In de wereld van vandaag is Bodemsanering voor veel mensen een onderwerp geworden dat van groot belang is. Of het nu vanwege zijn relevantie in de samenleving, zijn impact op het dagelijks leven of zijn historische betekenis is, Bodemsanering heeft de aandacht getrokken van individuen van alle leeftijden en achtergronden. Sinds zijn opkomst is Bodemsanering het onderwerp geweest van debat, studie en analyse, wat een grote hoeveelheid onderzoek en meningen heeft opgeleverd die proberen het belang en de impact ervan in verschillende contexten te begrijpen. In dit artikel zullen we de verschillende facetten van Bodemsanering onderzoeken, van de oorsprong tot de huidige invloed ervan, met als doel een alomvattend beeld te geven van dit onderwerp dat vandaag de dag zo relevant is.

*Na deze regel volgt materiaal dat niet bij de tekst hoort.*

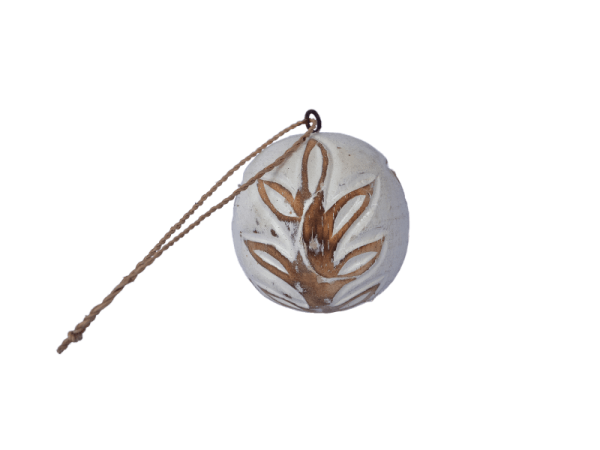 Wooden Ball Xmas Ornament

Bodemsanering is het proces om een stuk grond vrij van bodemverontreiniging te maken. De bredere term bodembescherming verwijst niet alleen naar het saneren van verontreinigde bodems, maar ook naar het voorkomen van toekomstige verontreiniging.
Voor bodemsanering bestaan diverse methoden en technieken. De keuze en uitvoering hangen onder andere af van de plaats, de aard en de ernst van de vervuiling en van de functie van de bodem (wonen, industrie, landbouw...). Ook de prijs speelt een niet onbelangrijke rol bij de keuze van een saneringstechniek. Bij het beoordelen van de ernst van de verontreiniging, en van het uiteindelijke resultaat spelen de streef- en interventiewaarden een grote rol.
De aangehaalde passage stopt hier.